See Enums for explicit values, comparison, and match usage.

#Type Conversions

Use the Str() built-in to convert any value to a string:

let n = 42;
let s = Str(n);    // "42"
Println(Str(3.14)); // "3.14"

Use Int() to convert strings or floats to integers. With two arguments, the second specifies the base:

let a = Int("42");         // 42
let b = Int(3.14);         // 3
let bin = Int("1010", 2);  // 10 (binary)
let hex = Int("ff", 16);   // 255 (hexadecimal)
let oct = Int("77", 8);    // 63 (octal)

This is equivalent to "ff".to_int(16) but reads more naturally as a conversion function.

#Operators

#Arithmetic

#Comparison

#Logical

#Bitwise

Bitwise operators require Int operands on both sides.
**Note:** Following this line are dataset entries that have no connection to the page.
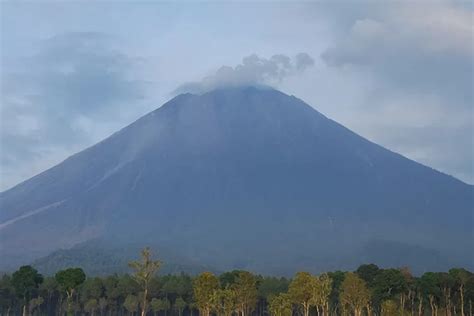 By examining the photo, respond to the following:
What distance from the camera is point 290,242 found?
639ft

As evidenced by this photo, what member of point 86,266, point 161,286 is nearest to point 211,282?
point 161,286

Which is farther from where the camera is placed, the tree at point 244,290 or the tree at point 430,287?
the tree at point 430,287

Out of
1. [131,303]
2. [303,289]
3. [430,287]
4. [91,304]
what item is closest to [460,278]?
[430,287]

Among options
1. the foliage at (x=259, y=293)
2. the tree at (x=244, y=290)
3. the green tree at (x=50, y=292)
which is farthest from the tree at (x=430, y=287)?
the green tree at (x=50, y=292)

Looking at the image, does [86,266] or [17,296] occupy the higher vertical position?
[86,266]

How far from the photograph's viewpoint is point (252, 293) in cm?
6850

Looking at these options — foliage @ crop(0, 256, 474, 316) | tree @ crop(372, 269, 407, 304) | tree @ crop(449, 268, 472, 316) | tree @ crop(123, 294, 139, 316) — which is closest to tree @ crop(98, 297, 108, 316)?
foliage @ crop(0, 256, 474, 316)

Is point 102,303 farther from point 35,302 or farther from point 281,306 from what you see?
point 281,306

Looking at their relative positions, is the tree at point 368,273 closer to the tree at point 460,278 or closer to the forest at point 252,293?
the forest at point 252,293

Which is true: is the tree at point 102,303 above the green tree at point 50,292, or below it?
below

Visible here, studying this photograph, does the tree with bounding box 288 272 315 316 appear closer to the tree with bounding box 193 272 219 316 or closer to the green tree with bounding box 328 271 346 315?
the tree with bounding box 193 272 219 316

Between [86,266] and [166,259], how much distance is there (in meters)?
19.7

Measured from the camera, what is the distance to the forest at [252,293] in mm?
60812

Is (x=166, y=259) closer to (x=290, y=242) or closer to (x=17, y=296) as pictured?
(x=290, y=242) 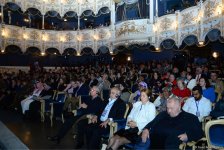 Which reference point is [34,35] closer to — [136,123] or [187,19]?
[187,19]

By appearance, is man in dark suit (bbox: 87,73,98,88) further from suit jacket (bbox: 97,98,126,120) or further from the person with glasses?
suit jacket (bbox: 97,98,126,120)

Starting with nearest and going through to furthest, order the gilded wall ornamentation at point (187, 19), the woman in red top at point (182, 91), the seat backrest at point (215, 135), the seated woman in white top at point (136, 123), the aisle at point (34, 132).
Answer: the seat backrest at point (215, 135) < the seated woman in white top at point (136, 123) < the aisle at point (34, 132) < the woman in red top at point (182, 91) < the gilded wall ornamentation at point (187, 19)

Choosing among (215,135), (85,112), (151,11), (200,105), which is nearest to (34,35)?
(151,11)

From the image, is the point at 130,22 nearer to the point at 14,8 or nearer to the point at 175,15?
Result: the point at 175,15

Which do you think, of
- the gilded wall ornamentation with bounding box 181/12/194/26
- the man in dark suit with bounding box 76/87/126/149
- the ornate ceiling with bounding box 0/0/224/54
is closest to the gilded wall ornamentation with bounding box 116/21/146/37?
the ornate ceiling with bounding box 0/0/224/54

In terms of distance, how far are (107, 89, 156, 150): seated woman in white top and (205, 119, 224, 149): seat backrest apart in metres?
1.14

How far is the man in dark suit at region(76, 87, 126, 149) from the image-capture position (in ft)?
16.8

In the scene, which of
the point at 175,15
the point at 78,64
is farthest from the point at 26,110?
the point at 78,64

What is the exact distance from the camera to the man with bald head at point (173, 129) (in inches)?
151

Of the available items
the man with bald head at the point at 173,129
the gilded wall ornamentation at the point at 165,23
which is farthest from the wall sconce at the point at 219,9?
the man with bald head at the point at 173,129

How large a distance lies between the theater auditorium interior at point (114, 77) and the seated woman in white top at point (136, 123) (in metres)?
0.02

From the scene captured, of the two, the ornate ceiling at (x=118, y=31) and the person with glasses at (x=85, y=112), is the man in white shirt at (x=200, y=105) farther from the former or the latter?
the ornate ceiling at (x=118, y=31)

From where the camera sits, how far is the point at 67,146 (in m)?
5.83

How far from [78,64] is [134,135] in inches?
792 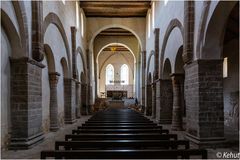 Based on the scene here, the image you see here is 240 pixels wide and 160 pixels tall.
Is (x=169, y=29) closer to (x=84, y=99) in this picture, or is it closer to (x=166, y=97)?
(x=166, y=97)

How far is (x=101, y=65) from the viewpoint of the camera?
1703 inches

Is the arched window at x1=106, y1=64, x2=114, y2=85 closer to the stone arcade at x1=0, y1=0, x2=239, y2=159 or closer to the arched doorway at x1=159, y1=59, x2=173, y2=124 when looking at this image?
the stone arcade at x1=0, y1=0, x2=239, y2=159

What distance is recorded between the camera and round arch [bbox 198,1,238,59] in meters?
8.40

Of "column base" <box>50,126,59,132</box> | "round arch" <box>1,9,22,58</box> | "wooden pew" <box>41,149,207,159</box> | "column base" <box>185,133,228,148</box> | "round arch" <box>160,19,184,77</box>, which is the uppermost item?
"round arch" <box>160,19,184,77</box>

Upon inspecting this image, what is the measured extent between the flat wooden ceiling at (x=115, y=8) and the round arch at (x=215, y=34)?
1464 cm

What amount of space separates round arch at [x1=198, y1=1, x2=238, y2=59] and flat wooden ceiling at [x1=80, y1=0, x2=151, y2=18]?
1464 centimetres

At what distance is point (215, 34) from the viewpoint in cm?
912

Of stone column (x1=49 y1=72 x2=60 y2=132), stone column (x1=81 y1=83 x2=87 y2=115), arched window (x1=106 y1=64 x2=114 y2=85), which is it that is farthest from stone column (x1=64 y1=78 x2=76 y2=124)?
arched window (x1=106 y1=64 x2=114 y2=85)

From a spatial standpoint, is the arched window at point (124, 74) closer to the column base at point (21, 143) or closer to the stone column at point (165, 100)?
the stone column at point (165, 100)

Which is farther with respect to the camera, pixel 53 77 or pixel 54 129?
pixel 54 129

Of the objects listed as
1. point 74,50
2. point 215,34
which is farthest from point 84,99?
point 215,34

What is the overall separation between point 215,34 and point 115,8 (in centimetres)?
1615

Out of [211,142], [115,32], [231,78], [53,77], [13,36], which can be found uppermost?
[115,32]

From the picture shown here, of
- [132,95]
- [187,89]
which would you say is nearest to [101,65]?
[132,95] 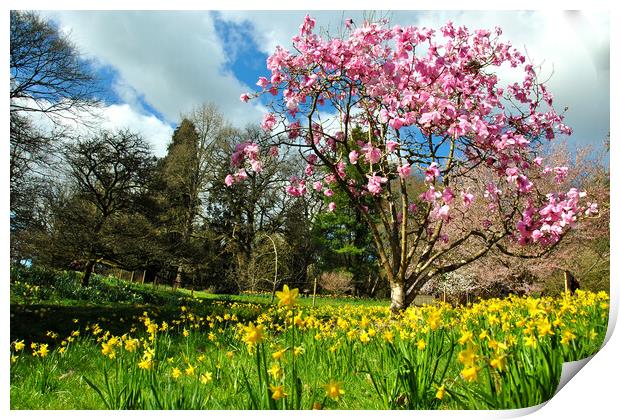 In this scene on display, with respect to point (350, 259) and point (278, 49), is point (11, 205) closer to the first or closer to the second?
point (278, 49)

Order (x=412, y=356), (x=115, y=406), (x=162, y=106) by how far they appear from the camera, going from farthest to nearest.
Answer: (x=162, y=106), (x=412, y=356), (x=115, y=406)

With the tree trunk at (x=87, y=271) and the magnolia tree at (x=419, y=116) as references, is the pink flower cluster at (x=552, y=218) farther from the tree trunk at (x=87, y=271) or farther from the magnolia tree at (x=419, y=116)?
the tree trunk at (x=87, y=271)

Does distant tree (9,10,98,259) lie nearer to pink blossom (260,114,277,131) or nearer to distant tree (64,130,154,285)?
distant tree (64,130,154,285)

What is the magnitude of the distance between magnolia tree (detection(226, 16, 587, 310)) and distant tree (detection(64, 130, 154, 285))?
0.69 meters

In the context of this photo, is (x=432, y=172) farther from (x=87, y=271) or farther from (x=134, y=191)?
(x=87, y=271)

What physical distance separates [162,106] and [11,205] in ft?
3.26

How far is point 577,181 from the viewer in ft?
12.2

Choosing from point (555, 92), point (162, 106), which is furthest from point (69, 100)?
point (555, 92)

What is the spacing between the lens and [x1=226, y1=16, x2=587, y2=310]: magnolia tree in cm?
301

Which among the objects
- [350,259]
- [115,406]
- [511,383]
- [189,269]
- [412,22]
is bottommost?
[115,406]

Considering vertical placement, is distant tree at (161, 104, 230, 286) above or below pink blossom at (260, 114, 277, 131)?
below

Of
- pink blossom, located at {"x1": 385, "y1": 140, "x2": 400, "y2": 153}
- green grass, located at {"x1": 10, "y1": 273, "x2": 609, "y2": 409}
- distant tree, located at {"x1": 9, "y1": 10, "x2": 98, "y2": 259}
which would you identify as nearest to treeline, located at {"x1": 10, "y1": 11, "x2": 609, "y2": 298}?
distant tree, located at {"x1": 9, "y1": 10, "x2": 98, "y2": 259}

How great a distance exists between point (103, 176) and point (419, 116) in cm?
221

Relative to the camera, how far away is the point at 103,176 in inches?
114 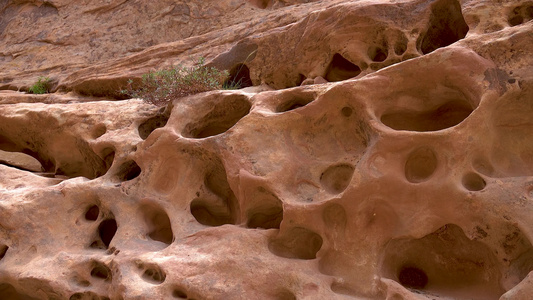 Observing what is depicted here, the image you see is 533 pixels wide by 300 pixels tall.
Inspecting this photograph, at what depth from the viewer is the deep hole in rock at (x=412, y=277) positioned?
3.40 metres

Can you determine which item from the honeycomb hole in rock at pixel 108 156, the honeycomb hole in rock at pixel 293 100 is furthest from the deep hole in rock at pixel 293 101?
the honeycomb hole in rock at pixel 108 156

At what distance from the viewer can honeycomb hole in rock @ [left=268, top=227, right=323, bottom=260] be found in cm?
374

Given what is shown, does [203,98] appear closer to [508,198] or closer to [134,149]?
[134,149]

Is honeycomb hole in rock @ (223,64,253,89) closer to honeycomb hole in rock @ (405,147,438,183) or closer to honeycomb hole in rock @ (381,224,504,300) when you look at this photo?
honeycomb hole in rock @ (405,147,438,183)

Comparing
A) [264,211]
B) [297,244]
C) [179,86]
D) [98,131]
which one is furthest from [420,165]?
[98,131]

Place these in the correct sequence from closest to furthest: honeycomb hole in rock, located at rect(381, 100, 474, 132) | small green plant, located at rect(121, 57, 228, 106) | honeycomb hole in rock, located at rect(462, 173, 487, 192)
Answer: honeycomb hole in rock, located at rect(462, 173, 487, 192) → honeycomb hole in rock, located at rect(381, 100, 474, 132) → small green plant, located at rect(121, 57, 228, 106)

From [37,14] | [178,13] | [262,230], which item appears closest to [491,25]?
[262,230]

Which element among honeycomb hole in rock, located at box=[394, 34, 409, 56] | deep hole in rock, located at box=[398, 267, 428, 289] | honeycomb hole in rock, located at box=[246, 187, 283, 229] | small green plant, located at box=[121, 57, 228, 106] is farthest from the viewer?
small green plant, located at box=[121, 57, 228, 106]

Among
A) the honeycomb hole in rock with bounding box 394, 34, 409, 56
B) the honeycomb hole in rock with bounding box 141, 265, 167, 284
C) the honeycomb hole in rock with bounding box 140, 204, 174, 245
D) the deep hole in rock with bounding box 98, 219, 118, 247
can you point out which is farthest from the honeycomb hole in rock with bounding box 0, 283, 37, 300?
the honeycomb hole in rock with bounding box 394, 34, 409, 56

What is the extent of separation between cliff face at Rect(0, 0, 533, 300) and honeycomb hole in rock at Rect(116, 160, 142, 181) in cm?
1

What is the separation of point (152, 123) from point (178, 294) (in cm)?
232

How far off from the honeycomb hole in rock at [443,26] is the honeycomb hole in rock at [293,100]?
1329 millimetres

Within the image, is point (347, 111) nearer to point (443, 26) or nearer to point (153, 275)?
point (443, 26)

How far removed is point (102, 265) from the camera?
4.06m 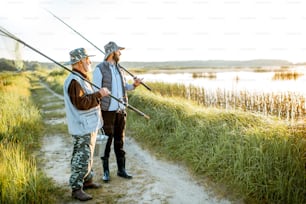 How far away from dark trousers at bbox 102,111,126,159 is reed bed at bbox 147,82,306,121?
352 cm

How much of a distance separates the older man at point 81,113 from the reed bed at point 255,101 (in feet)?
13.6

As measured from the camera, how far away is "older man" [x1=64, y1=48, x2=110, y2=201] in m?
3.24

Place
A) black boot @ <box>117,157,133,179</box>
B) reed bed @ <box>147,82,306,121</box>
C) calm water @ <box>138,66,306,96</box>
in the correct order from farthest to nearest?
calm water @ <box>138,66,306,96</box>, reed bed @ <box>147,82,306,121</box>, black boot @ <box>117,157,133,179</box>

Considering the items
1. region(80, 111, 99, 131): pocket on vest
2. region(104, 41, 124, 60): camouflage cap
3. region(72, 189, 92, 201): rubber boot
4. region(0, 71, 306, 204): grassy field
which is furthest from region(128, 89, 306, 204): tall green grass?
region(104, 41, 124, 60): camouflage cap

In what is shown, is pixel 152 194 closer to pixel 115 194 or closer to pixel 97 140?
pixel 115 194

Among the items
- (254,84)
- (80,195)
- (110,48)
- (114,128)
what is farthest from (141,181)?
(254,84)

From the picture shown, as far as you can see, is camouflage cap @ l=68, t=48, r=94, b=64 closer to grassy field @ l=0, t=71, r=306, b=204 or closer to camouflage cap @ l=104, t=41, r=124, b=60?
camouflage cap @ l=104, t=41, r=124, b=60

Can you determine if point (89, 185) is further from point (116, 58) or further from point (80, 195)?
point (116, 58)

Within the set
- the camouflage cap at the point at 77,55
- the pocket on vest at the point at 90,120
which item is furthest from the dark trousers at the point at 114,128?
the camouflage cap at the point at 77,55

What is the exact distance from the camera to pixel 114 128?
415cm

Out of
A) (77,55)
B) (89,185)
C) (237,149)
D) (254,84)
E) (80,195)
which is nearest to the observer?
(77,55)

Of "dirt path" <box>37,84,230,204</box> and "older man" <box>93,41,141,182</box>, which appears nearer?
"dirt path" <box>37,84,230,204</box>

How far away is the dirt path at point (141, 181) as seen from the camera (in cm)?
368

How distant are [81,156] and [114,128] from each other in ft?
2.63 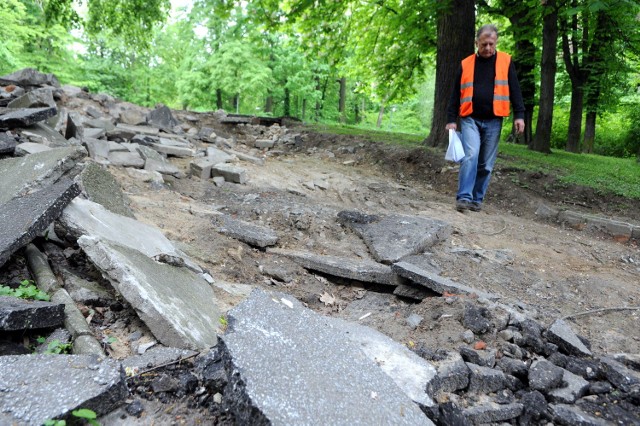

They are useful for flag manipulation, masking, and low-level integer operations.

let a = 0b1100;   // 12
let b = 0b1010;   // 10

let and_result = a & b;   // 0b1000 = 8
let or_result  = a | b;   // 0b1110 = 14

Println(Str(and_result));  // 8
Println(Str(or_result));   // 14

Arithmetic operators require matching numeric types on both sides. The + operator also works for string concatenation when both sides are Str.